To investigate this possibility, in new research, scientists used skin cells from three people with type 1 diabetes (T1D cells) and three people without diabetes (ND cells). By introducing specific factors into these cells and using the new large-scale production method they developed, they made the skin cells become stem cells—cells that could subsequently become any cell type. They then, by introducing other factors, coaxed these stem cells to become SC-β cells (T1D SC-β cells and ND SC-β cells).

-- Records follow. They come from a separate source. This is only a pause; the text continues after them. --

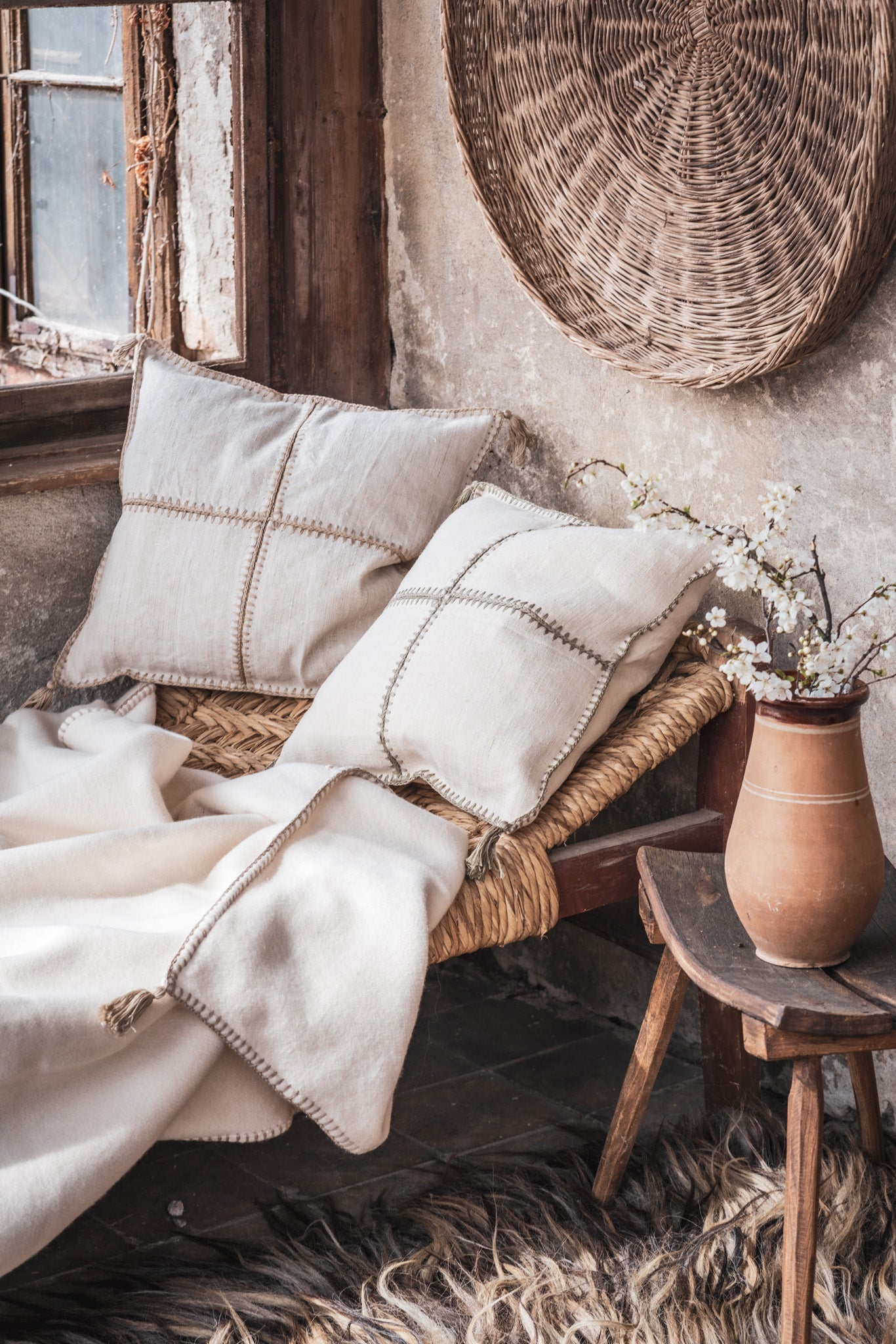 Antique Hungarian handwoven hemp pillow with hand stitching on rustic chair.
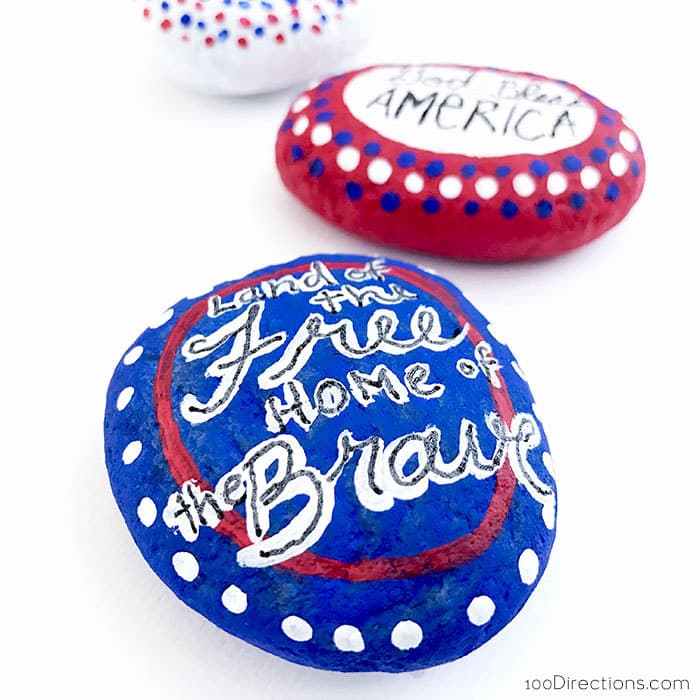 Use a permanent black pen to write or doodle on your painted rocks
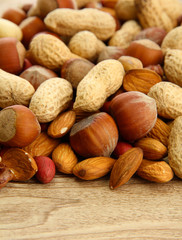 assortment of tasty nuts on wooden background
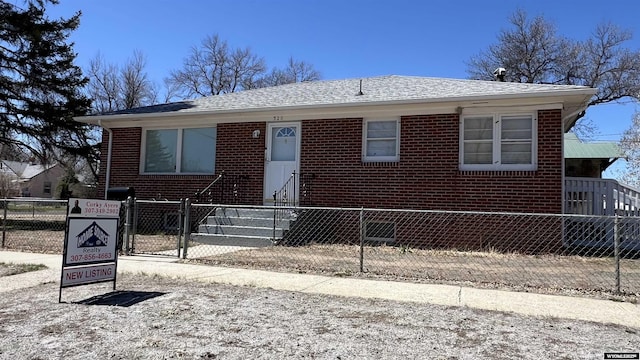 bungalow-style house with fence private yard, a gate, brick siding, and roof with shingles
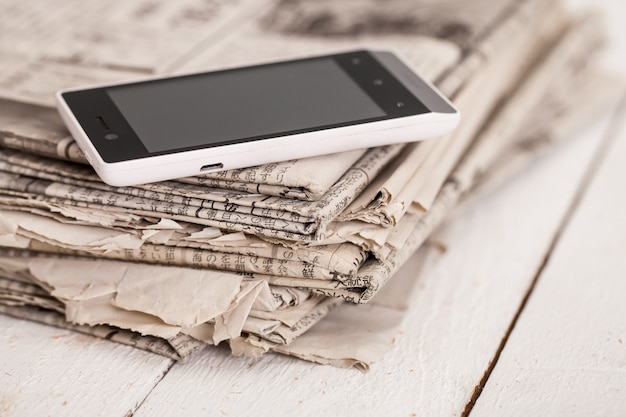 Pile de journaux avec smartphone dessus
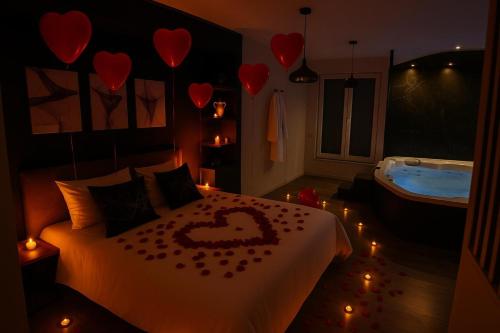 a bedroom with a bed and a tub with hearts on it at CK Suite & Spa - Jacuzzi Privatif - Reims in Reims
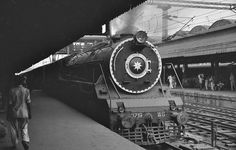 black and white photograph of an old train at a station with people walking on the platform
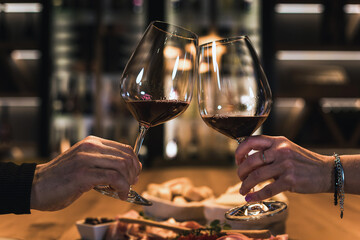 Smiling couple dining in a wine cellar room, enjoying fine white wine and delicious food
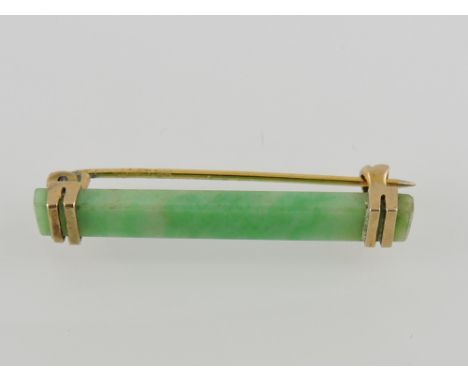 A Chinese jade bar brooch in a yellow metal mount.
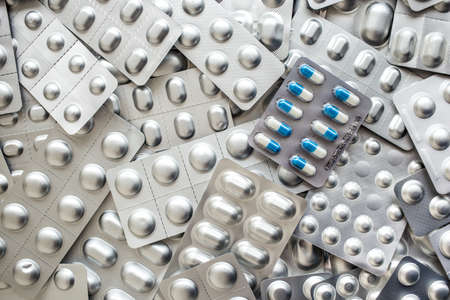 Drug prescription for treatment medication. Pharmaceutical medicament, cure in container for health. Pharmacy theme, capsule pills with medicine antibiotic in packages.の写真素材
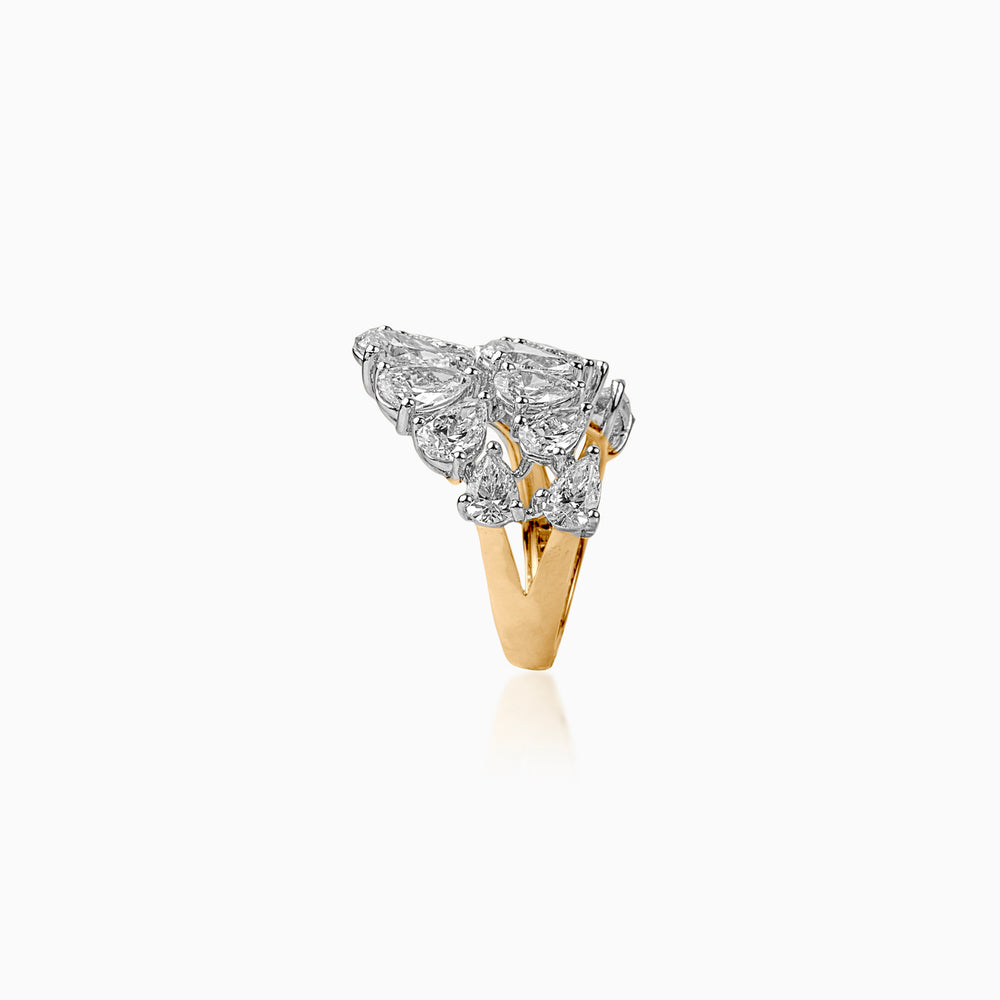 Gold ring with clustered pear-shaped diamonds, reflecting light with elegant two-tone design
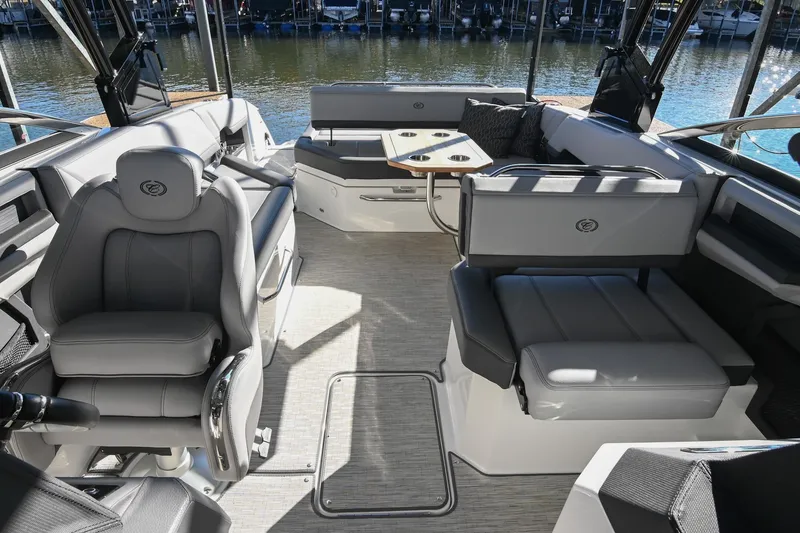 Slide: The Image of 2024 Cobalt R8 boat interior with luxurious captain's chair and modern controls. - 35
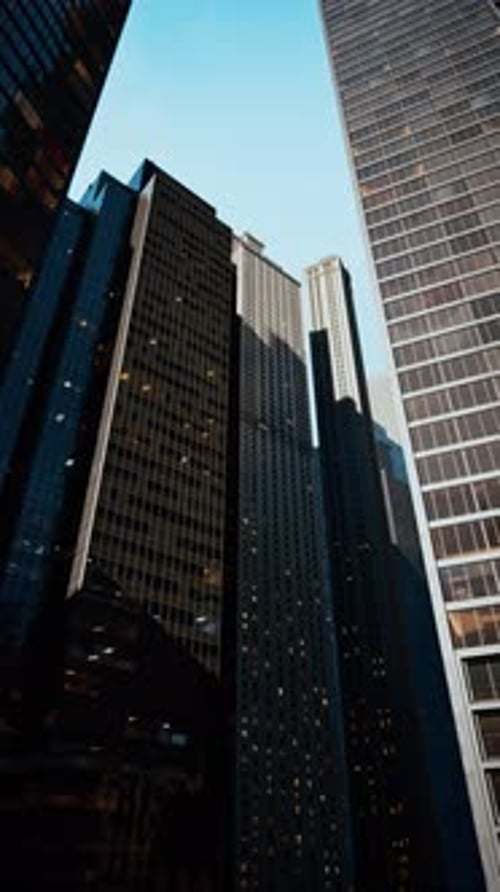 Modern Corporate Skyscrapers Panning Upward in a Vertical Frame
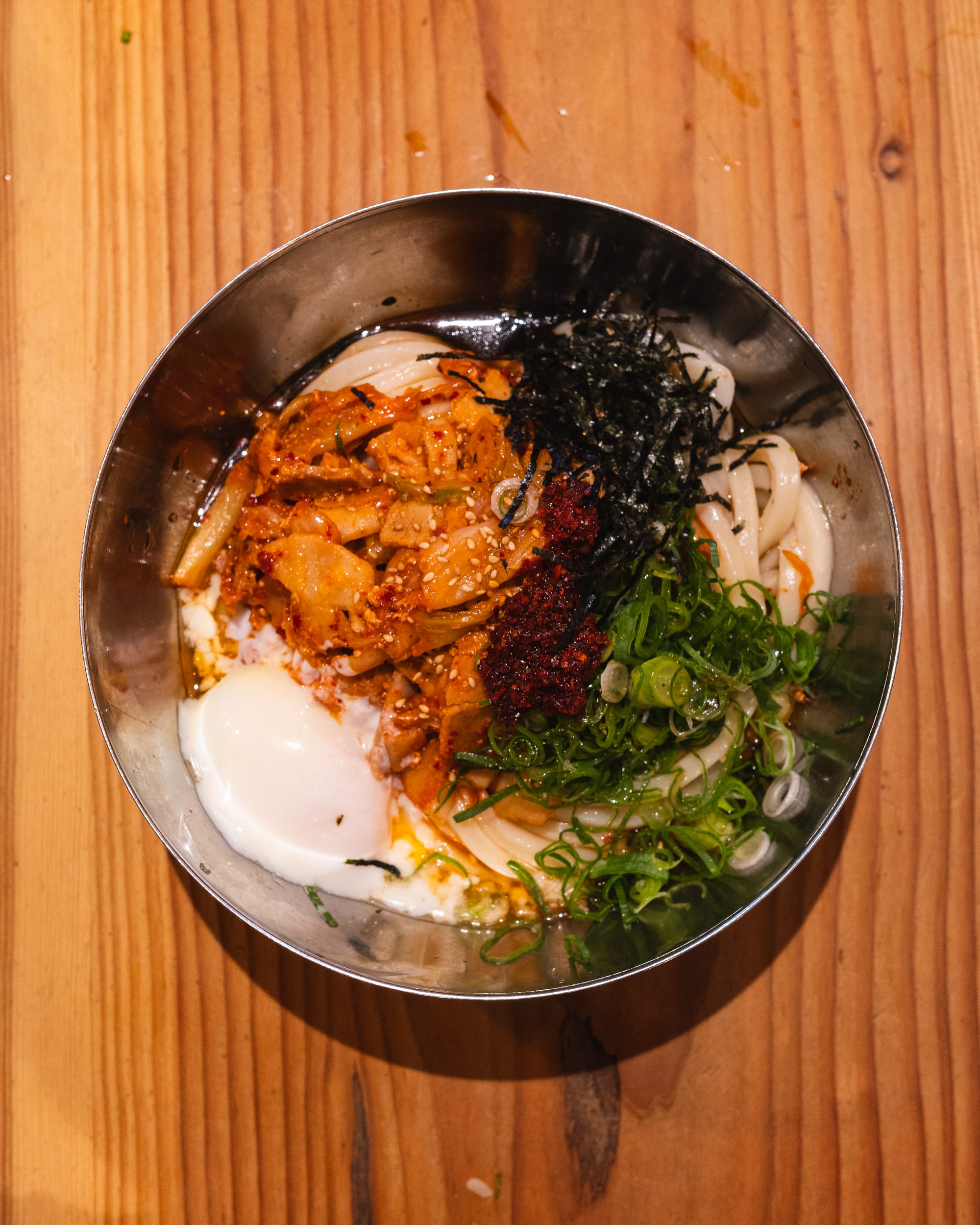 Top down shot of steel bowl with kimchi, onsen egg, chilli crunch, spring onions, seaweed and udon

Cells from the two different origins showed no differences in the ability to become SC-β cells, indicating for the first time that cells from a person with type 1 diabetes could be used to make SC-β cells.
Next, the scientists demonstrated that the T1D SC-β cells functioned like healthy β cells. For example, in laboratory culture, T1D SC-β cells secreted insulin in response to glucose; they also released insulin in response to diabetes drugs that are known to stimulate insulin secretion, demonstrating their potential for use in screening for new diabetes drugs. The T1D SC-β also functioned in live animals: when T1D SC-β cells were transplanted into male mice, they produced insulin in response to glucose and controlled the animals’ blood glucose levels.
Many research questions remain before an SC-β cell transplant procedure will be ready for testing in humans. First, it remains possible that differences between T1D SC-β and ND SC-β cells could appear over a longer time period than in the study. Second, it is not known how the T1D SC-β cells will interact with the recipient’s immune system; for example, it is not yet clear whether these cells could still be rejected, even though they were derived from the recipient’s own cells; and it is likely that these cells would be subject to the same autoimmune attack that destroyed the person’s original β cells. Third, individual differences in type 1 diabetes may affect the production, function, or transplant success of T1D SC-β cells. Thus, further research will illuminate the potential of T1D SC-β cells as a therapy for type 1 diabetes. Nonetheless, these results mark another significant step forward toward a cell therapy for type 1 diabetes, and also provide a valuable resource for drug screening and studying the development of the disease.